As duas torres gêmeas atrapalham Kleber Mendonça desde o curta Recife Frio, em 2009, quando a indesejada construção se destaca num plano aberto do centro histórico da capital pernambucana. Anos depois, no longa O Som ao Redor, a mesma raiva. “Lá estão elas atrapalhando o meu plano”, resmungou. No filme Aquarius o diretor se incomodou de vez e simplesmente apagou os espigões que apareceriam em outro plano aberto. “Me custou R$ 2 mil reais”, disse, rindo. 

Para ele, a relação das pessoas com a cidade tende a ser como na própria casa, onde estamos acostumados com o que encontraremos em cada curva, cada aposento. “É a minha paisagem afetiva com a cidade”, explicou, dando como exemplo também a cidade de São Paulo, a qual frequenta há muito tempo e onde afirmou esperar ver sempre grafites nas paredes.

O diretor de Aquarius, filme em que a temática da especulação imobiliária conduz o roteiro, acredita que a influência do mercado é um dos fatores para o afastamento dos moradores diante da própria cidade. “As cidades se tornaram muito problemáticas, precisam se reinventar. Quando ficam completamente descobertas e vão para as mãos do mercado, o mercado tem seus objetivos e está cagando pra cidade.”

Salientando que parecia falar como um marxista que não é, Kleber Mendonça Filho criticou o modelo de desenvolvimento urbano que não privilegia os indivíduos. “O problema das construções é que a cidade é formatada para o mercado e não para as pessoas. É aí que entra a importância de uma boa prefeitura para dizer ‘não, espera, isso não pode’”, afirmou.

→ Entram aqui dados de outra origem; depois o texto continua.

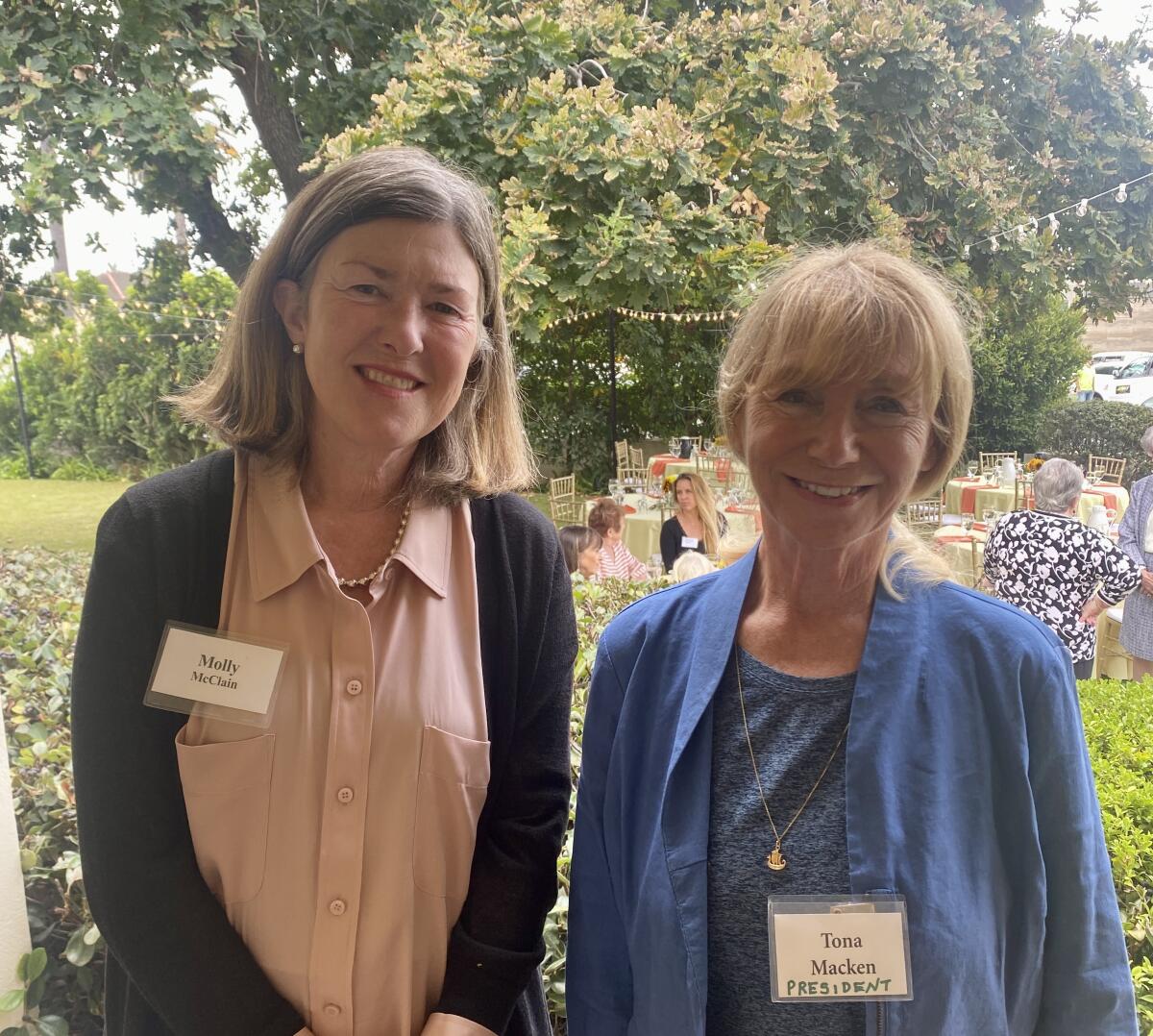 Molly McClain and La Jolla Woman’s Club President Tona Macken attend the group's Oct. 11 luncheon.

Diretor de dois longas-metragens rodados no Recife, ele disse ser fascinante cineastas que filmam em suas próprias cidades, dando como exemplo a Nova York de Spike Lee e de Woody Allen, completamente diferentes. “Há segredos que cada um conhece, informações bem observadas sobre o lugar. Meus filmes no Recife vieram de observações muito pessoais minhas. Gosto dos segredos das cidades expostos em narrativas.”